Below are some records. Set down exactly the line holding "Shop for Sustainable" and every later line through the end, omitting the pictures.

Saved data entries:
-=-=-
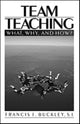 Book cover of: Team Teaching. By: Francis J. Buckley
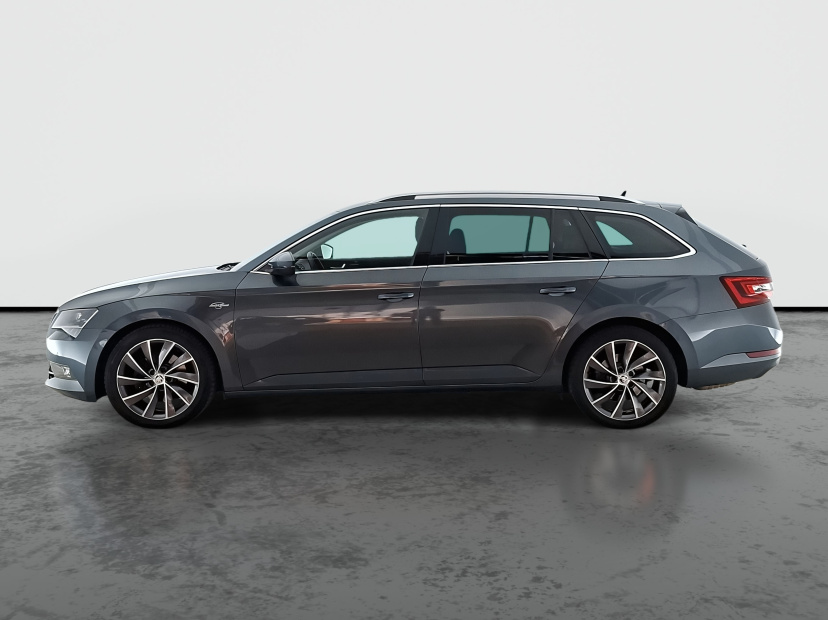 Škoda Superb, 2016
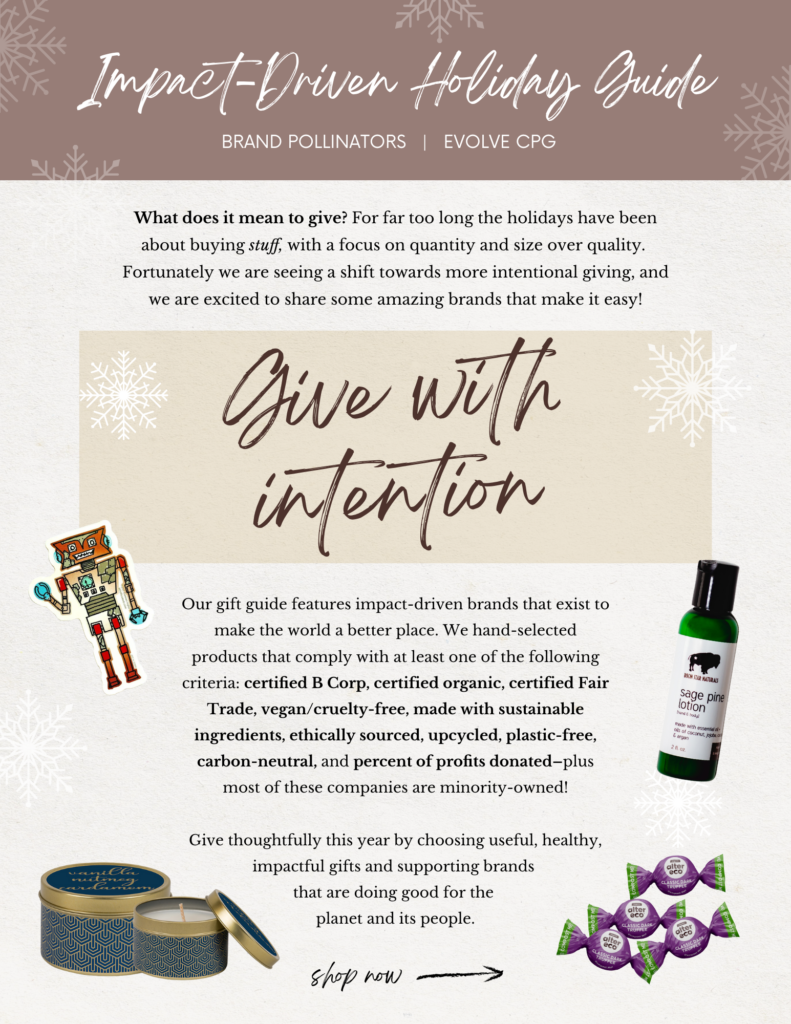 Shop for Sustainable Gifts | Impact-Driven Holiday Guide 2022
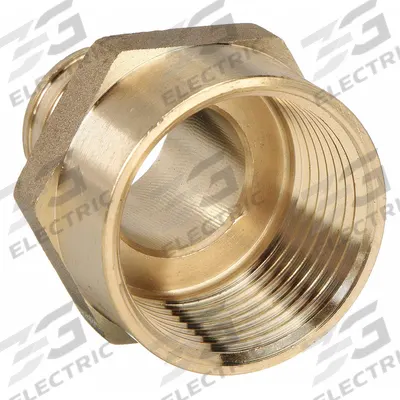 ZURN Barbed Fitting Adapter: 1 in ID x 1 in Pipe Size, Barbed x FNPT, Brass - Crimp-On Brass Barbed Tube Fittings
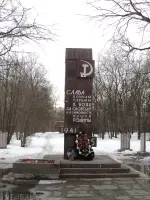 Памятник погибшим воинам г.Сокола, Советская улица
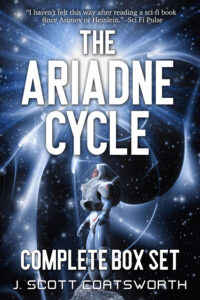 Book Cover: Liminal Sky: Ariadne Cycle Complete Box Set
-=-=-
_REPLY_:
 Shop for Sustainable Gifts | Impact-Driven Holiday Guide 2022
 ZURN Barbed Fitting Adapter: 1 in ID x 1 in Pipe Size, Barbed x FNPT, Brass - Crimp-On Brass Barbed Tube Fittings
 Памятник погибшим воинам г.Сокола, Советская улица
 Book Cover: Liminal Sky: Ariadne Cycle Complete Box Set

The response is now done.